Florida's Brokerage Relationship Disclosure Act is tested extensively and is uniquely Florida — most states default to buyer's agency, but Florida defaults to transaction brokerage. Key exam points: Florida DEFAULT = Transaction Broker (when no written agreement exists); Transaction broker duties: deal honestly/fairly, account for funds, skill/care/diligence, disclose known material facts, present all offers, LIMITED confidentiality (protect motivation/price willingness). Single agent duties ADD: full confidentiality, obedience, LOYALTY; Disclosure timing: sellers — before listing agreement; buyers — before representation agreement or at FIRST SUBSTANTIAL CONTACT; Transition: a single agent can transition to transaction broker with written consent; Dual agency: representing both parties as single agents requires FULL WRITTEN CONSENT of both parties. Exam strategy: when a question asks what the agent 'must' or 'must not' do, identify whether they're a transaction broker or single agent — the answer changes based on the relationship type.

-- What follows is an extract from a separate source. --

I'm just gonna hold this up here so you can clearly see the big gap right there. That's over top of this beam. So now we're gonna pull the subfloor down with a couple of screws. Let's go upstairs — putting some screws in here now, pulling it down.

About this free Florida real estate practice exam

This free Florida real estate practice exam contains 100 original practice questions covering all eight topic areas from the Florida real estate sales associate exam — proportionally balanced to reflect the Pearson VUE/FREC exam blueprint. Every question is in the four-option multiple-choice format used by the actual exam. Full explanations identify the specific Florida statute, case law, or national principle being tested, explain the correct answer's reasoning, and describe why each incorrect option fails. Questions shuffle every session and can be filtered by topic for targeted drilling of weak areas. This practice resource is suitable for candidates preparing for their first Florida real estate exam, candidates who have failed and are preparing to retake, and active licensees refreshing their knowledge for continuing education or broker exam preparation.